The next day we went into West Philly. I tried to do the job right since it was my home, filled with my people. I walked to the meeting spot from my house, happy to get inside the bus before the dark clouds above could fulfill their promise. Out the window was: trash like nobody had invented cans; kids running and screaming while their book bags bounced on behind them; men without hope even at dawn waiting at day-labor lines trying to be asleep while standing in the cold; the smell of grease (food, hair, body); stores that had opened and closed and opened and closed until the titles on the marquees said nothing about the contents. Trolley tracks where there were no more trolleys, just broken and twisted metal embedded into the road. Occasional cobblestones appearing amid the asphalt as stone zits, sidewalks that buckled and cracked underneath the roots of dead trees, maroon broken-brick sand and the sharded glass of alcohol-escape sprinkled on the ground. Every surface covered in the fading graffiti of written screams. Wee-ha, my fucking home, my fucking people. Wee-ha, my fucking source, my own fucking kind. Everything I was, loved, and wanted to run away from.

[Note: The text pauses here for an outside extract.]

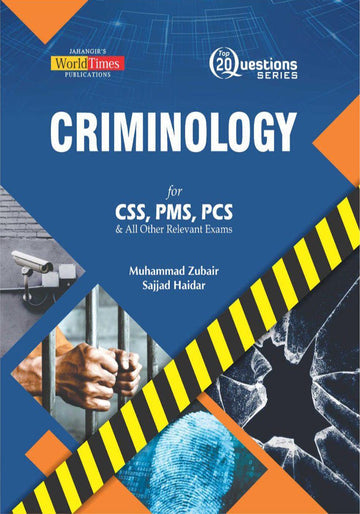 0e254ad43bb74d8d6d06edb4fb4df399.jpg Top 20 Question Criminology For Css Pms By Muhammad Zubair - Image 1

I was polite but fast so we could help as many folks as possible, because by eight-thirty there was already a line. I wore a tie, hung from a shirt with a collar, so I let my accent shape my words so they would know I was one of them and not a part of the machine, so they would stop being so damn humble and polite to me, like I was an ofay. ‘Excuse me Mr Sir. Excuse me?’ No, fuck that, I’m here to help you. I am you. Spit on me as if I was yourself.

At ten I had my first voice-box in person. She had no teeth and she held the device to her neck like it was an electric razor and she was shaving her throat. I wanted to lift her onto my back and carry her somewhere. Her face was unwashed, and I could see the flaky white lines of tears and saliva on the midnight softness of her skin. So skinny, so small, and she listened, staring, to every word I said. Her face nodding between her wool hat and the faded scarves cloaking her neck and chin from the cold. Eyes that kept looking until they hurt, until it was, Mama, please turn away, Mama, please walk away and heal or die because whatever void is there I can’t hope to fill, whatever pain I am useless to erase.